The U.K.'s first offshore wind leasing round in a decade is expected to draw greater participation from oil and gas majors, thanks in part to changes to the leasing system.
The Crown Estate, which manages the royal property portfolio including the seabed, will initiate a tender next month that could support 7 gigawatts of new capacity. The country has nearly 8.5 gigawatts of offshore wind capacity in operation currently, according to trade group RenewableUK, making it the world's leading market, ahead of Germany and China.
The upcoming tender will come with significant changes to the terms and conditions, including lease terms from 50 to 60 years, discounted lease fees for “innovative” or hybrid projects, and — critically for oil and gas companies — a green light for joint bids.
“Previous rounds were only for individual bidders, but now they will allow consortia to bid,” said Shimeng Yang, offshore wind senior research analyst at Wood Mackenzie. “That will encourage oil and gas companies that have been very interested in offshore wind and trying to secure project pipelines."
"Their experience does not compare with those established [offshore wind] developers, but now they could partner up with them and bid together," Yang said. "That means we could see some really big companies taking part in the U.K. offshore market for the first time.”
Those really big companies come with really deep pockets, and the extra competition could drive down prices, says Yang, who expects the projects built under this round to be developed subsidy-free.
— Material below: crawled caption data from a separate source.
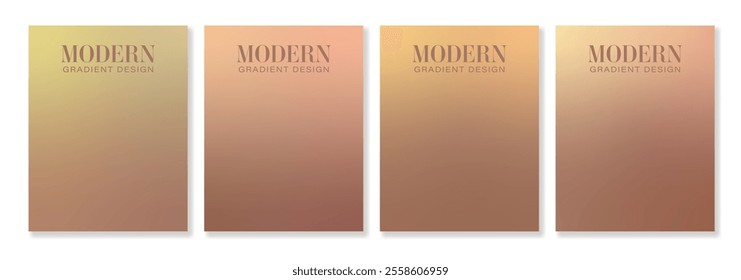 Set of 4 modern cover templates with gradient backgrounds inspired by Mocha mousse - the trendy color of 2025. For brochures, booklets, posters, branding, social media, business cards and more.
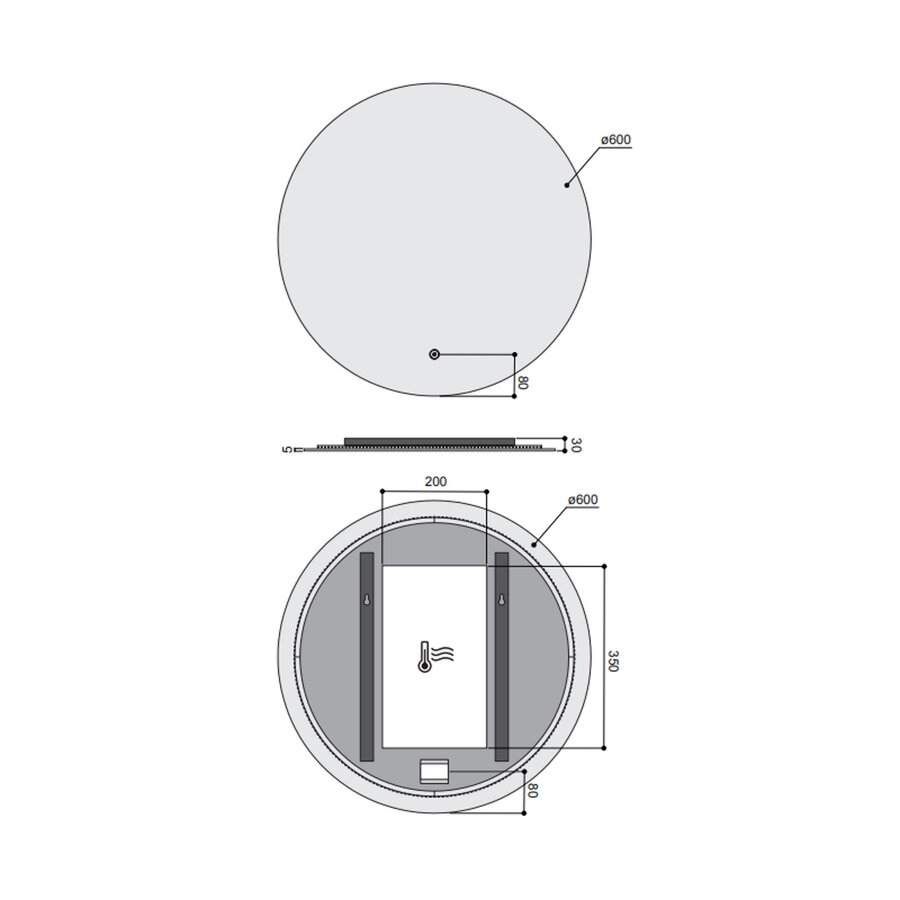Badkamerspiegel Hotbath Cobber 60 cm Incl LED En Spiegelverwarming IP44
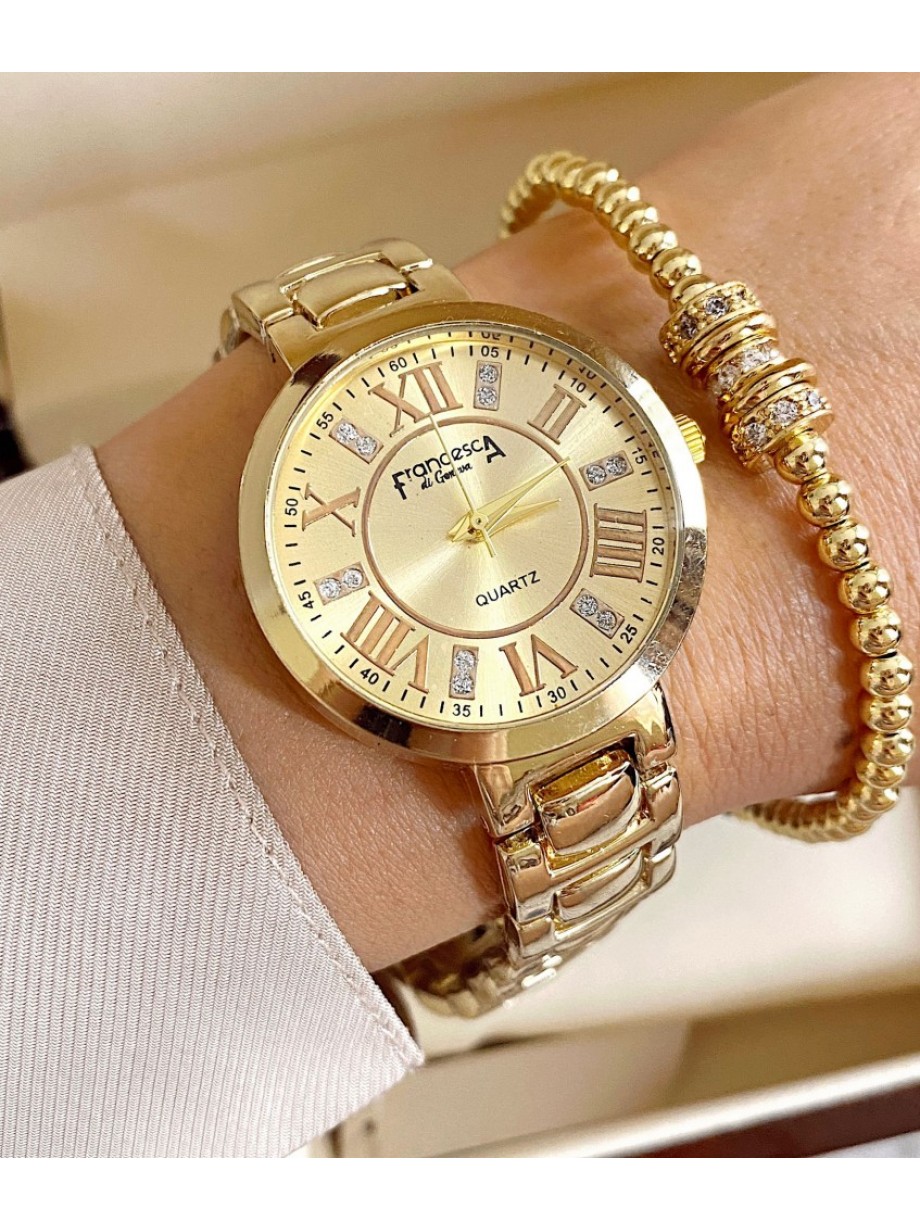 Ceas dama auriu cu bratara metalica si cadran cu cifre romane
Yang expects planning consents for projects won in the latest round to come three years down the road.
The latest tender will grant 50 percent discounts on leases (up to 10 percent of a project’s capacity) if developers provide a testing ground for innovative technology. Yang suggests floating turbines could be one technology to benefit.
Other innovations could include an interconnector feeding power into a second European grid network. While Europe is already crisscrossed with interconnectors, plans have been proposed for a “hub and spoke” concept that would see offshore wind generators sending power to multiple jurisdictions.
To help the U.K. continue to build out its offshore wind expertise, developers participating in the latest round will be obliged to share project surveys and data. They will also be required to participate in industry benchmarking schemes such as the System Performance, Availability and Reliability Trend Analysis project.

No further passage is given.